Implementing Move Constructor by Calling Move Assignment Operator
Asked Answered
L

6

31

The MSDN article, How to: Write a Move Constuctor, has the following recommendation.

If you provide both a move constructor and a move assignment operator for your class, you can eliminate redundant code by writing the move constructor to call the move assignment operator. The following example shows a revised version of the move constructor that calls the move assignment operator:

// Move constructor.
MemoryBlock(MemoryBlock&& other)
   : _data(NULL)
   , _length(0)
{
   *this = std::move(other);
}

Is this code inefficient by doubly initializing MemoryBlock's values, or will the compiler be able to optimize away the extra initializations? Should I always write my move constructors by calling the move assignment operator?
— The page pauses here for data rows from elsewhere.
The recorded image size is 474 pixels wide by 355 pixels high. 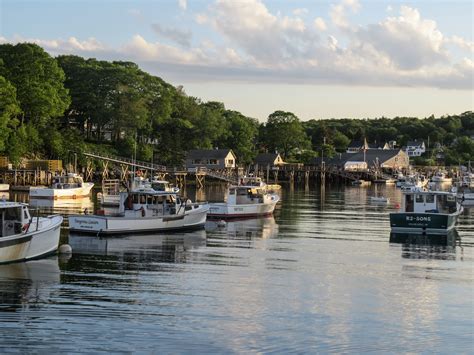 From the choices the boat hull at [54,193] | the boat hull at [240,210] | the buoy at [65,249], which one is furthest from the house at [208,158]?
the buoy at [65,249]

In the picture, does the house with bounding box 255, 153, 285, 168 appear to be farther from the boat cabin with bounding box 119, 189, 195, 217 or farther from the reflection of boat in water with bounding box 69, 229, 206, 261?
the reflection of boat in water with bounding box 69, 229, 206, 261

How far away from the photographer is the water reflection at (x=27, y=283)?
2600cm

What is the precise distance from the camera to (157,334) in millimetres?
22703

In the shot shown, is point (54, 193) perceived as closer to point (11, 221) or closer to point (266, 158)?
point (11, 221)

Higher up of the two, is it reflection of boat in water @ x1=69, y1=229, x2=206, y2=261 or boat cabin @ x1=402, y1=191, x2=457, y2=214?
boat cabin @ x1=402, y1=191, x2=457, y2=214

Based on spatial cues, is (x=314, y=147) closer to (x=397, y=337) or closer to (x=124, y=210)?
(x=124, y=210)

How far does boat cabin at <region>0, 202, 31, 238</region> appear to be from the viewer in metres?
33.4

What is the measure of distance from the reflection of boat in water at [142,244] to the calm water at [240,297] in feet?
0.21

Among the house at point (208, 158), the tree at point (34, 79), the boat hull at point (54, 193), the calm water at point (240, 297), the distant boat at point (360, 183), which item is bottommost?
the calm water at point (240, 297)

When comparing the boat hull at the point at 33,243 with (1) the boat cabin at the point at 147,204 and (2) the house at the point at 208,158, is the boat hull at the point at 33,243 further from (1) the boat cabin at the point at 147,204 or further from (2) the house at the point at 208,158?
(2) the house at the point at 208,158

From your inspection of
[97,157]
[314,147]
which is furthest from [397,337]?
[314,147]

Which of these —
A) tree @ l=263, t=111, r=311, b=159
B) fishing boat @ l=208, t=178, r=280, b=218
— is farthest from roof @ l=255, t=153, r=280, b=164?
fishing boat @ l=208, t=178, r=280, b=218

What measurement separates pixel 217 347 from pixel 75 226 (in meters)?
24.5

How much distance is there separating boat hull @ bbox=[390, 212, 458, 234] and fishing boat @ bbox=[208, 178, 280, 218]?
45.9 ft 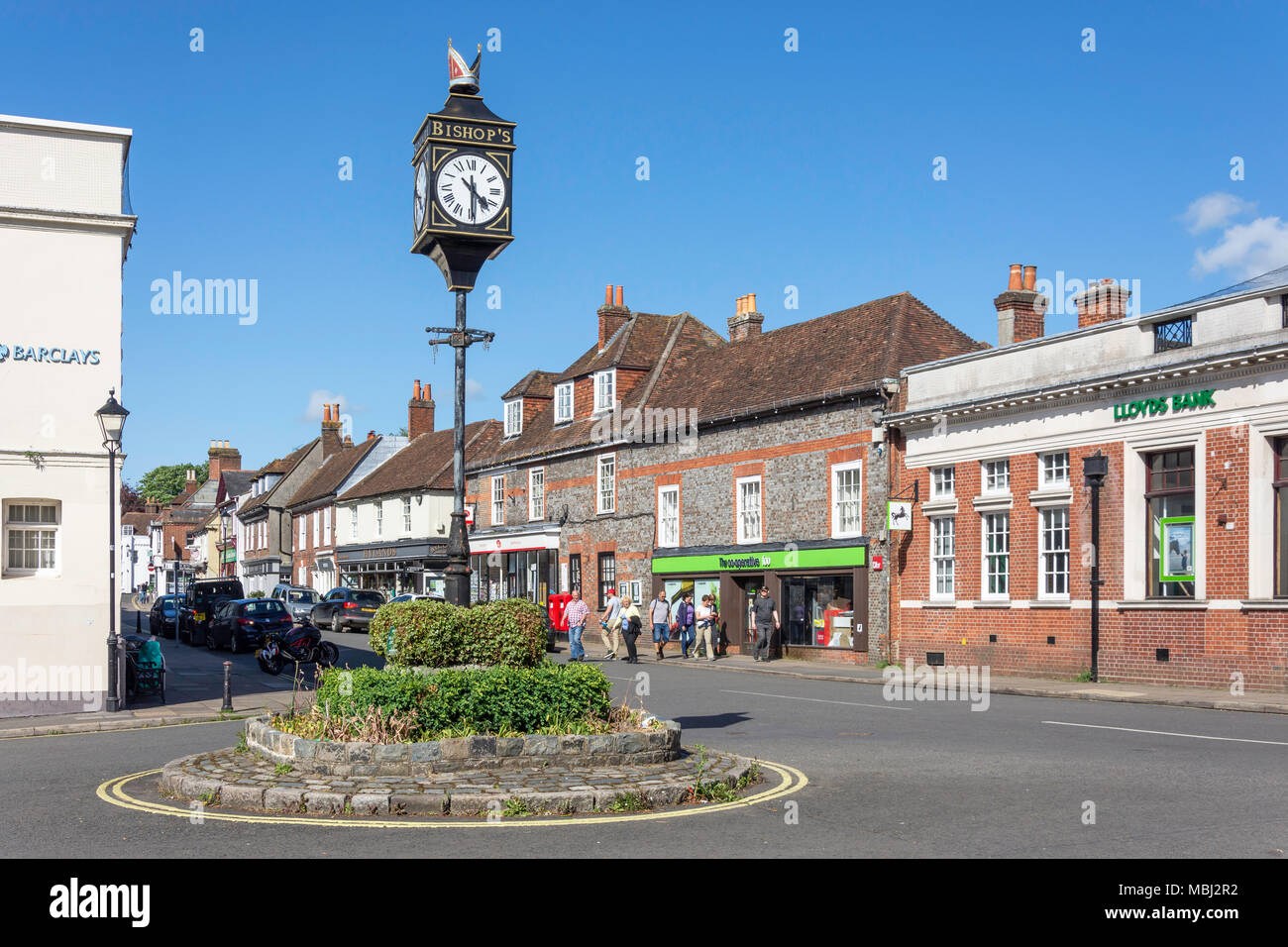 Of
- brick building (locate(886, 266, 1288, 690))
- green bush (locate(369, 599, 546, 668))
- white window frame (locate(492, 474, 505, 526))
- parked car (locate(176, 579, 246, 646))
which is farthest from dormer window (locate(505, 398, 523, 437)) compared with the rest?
green bush (locate(369, 599, 546, 668))

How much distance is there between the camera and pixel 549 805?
951cm

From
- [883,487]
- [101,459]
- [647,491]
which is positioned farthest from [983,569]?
[101,459]

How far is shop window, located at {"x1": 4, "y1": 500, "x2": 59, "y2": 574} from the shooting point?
59.7 ft

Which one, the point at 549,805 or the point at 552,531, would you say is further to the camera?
the point at 552,531

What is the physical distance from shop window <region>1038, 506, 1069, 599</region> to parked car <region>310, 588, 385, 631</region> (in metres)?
25.1

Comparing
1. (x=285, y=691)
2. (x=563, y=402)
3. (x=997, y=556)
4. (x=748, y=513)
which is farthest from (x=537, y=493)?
(x=285, y=691)

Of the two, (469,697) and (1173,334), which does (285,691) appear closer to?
(469,697)

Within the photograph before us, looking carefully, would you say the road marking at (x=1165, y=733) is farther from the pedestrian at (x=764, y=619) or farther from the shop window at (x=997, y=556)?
the pedestrian at (x=764, y=619)

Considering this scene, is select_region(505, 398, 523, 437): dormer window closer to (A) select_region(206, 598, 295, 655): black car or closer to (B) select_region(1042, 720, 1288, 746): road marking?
(A) select_region(206, 598, 295, 655): black car

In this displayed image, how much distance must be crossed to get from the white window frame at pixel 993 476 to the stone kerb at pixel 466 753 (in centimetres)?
1686

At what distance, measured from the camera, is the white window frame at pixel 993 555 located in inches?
1036

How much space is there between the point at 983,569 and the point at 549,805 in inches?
755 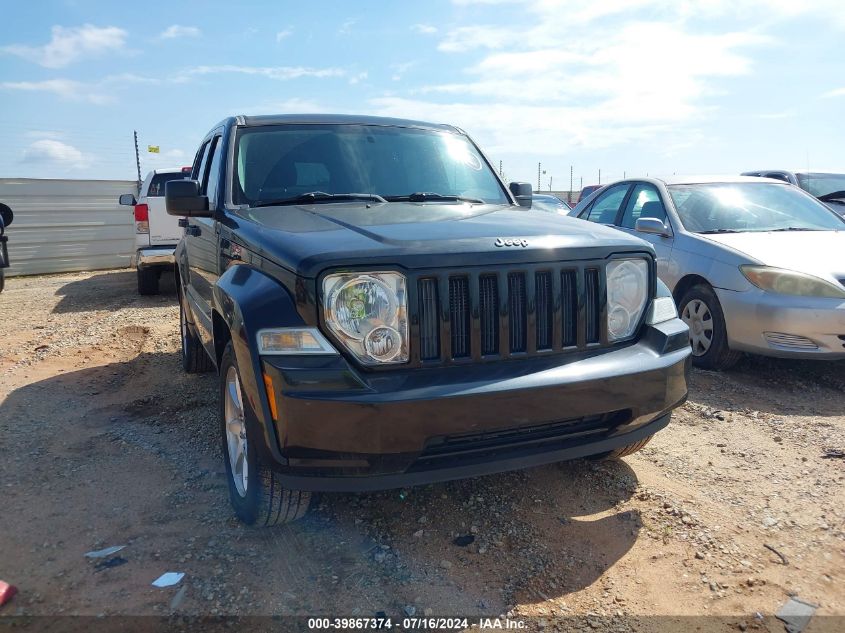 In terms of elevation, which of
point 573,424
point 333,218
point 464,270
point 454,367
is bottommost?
point 573,424

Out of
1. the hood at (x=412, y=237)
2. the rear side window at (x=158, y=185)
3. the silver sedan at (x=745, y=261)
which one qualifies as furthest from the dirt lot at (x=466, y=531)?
the rear side window at (x=158, y=185)

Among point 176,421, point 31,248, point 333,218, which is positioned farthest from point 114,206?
point 333,218

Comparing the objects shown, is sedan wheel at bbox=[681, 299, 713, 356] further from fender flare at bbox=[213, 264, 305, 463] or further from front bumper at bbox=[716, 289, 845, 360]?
fender flare at bbox=[213, 264, 305, 463]

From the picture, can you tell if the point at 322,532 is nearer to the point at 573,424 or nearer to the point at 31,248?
the point at 573,424

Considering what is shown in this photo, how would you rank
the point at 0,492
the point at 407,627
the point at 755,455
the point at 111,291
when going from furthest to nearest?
the point at 111,291 → the point at 755,455 → the point at 0,492 → the point at 407,627

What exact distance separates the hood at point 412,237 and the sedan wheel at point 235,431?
0.64 meters

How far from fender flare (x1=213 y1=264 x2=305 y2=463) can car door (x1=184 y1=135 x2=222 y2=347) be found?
0.80 meters

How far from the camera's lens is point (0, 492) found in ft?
11.0

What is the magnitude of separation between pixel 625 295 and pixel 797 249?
2947 millimetres

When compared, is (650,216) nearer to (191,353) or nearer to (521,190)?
(521,190)

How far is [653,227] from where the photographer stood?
18.1 feet

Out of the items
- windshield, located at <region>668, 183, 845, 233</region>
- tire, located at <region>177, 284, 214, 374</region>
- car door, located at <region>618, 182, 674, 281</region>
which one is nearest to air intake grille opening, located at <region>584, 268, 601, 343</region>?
car door, located at <region>618, 182, 674, 281</region>

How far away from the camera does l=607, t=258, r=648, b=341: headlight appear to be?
9.29 ft

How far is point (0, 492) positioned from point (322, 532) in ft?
5.82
Lowering answered 14/6, 2013 at 22:36 Comment(1)
Just a note. That approach does not work if some of your data members are not default constructable.Equalize
F
18

[...] will the compiler be able to optimize away the extra initializations?

In almost all cases: yes.

Should I always write my move constructors by calling the move assignment operator?

Yes, just implement it via move assignment operator, except in the cases where you measured that it leads to suboptimal performance.


Today's optimizer do an incredible job at optimizing code. Your example code is especially easy to optimize. First of all: the move constructor will be inlined in almost all cases. If you implement it via move assignment operator, that one will be inlined as well.

And let's look at some assembly! This shows the exact code from the Microsoft website with both versions of the move constructor: manual and via move assignment. Here is the assembly output for GCC with -O (-O1 has the same output; clang's output leads to the same conclusion):

; ===== manual version =====           |   ; ===== via move-assig =====
MemoryBlock(MemoryBlock&&):            |   MemoryBlock(MemoryBlock&&):
    mov     QWORD PTR [rdi], 0         |       mov     QWORD PTR [rdi], 0
    mov     QWORD PTR [rdi+8], 0       |       mov     QWORD PTR [rdi+8], 0
                                       |       cmp     rdi, rsi
                                       |       je      .L1
    mov     rax, QWORD PTR [rsi+8]     |       mov     rax, QWORD PTR [rsi+8]
    mov     QWORD PTR [rdi+8], rax     |       mov     QWORD PTR [rdi+8], rax
    mov     rax, QWORD PTR [rsi]       |       mov     rax, QWORD PTR [rsi]
    mov     QWORD PTR [rdi], rax       |       mov     QWORD PTR [rdi], rax
    mov     QWORD PTR [rsi+8], 0       |       mov     QWORD PTR [rsi+8], 0
    mov     QWORD PTR [rsi], 0         |       mov     QWORD PTR [rsi], 0
                                       |   .L1:
    ret                                |       rep ret

Apart from the additional branch for the right version, the code is exactly the same. Meaning: duplicate assignments have been removed.

Why the additional branch? The move assignment operator as defined by the Microsoft page does more work than the move constructor: it is protected against self-assignment. The move constructor is not protected against that. But: as I already said, the constructor will be inlined in almost all cases. And in these cases, the optimizer can see that it's not a self assignment, so this branch will be optimized out, too.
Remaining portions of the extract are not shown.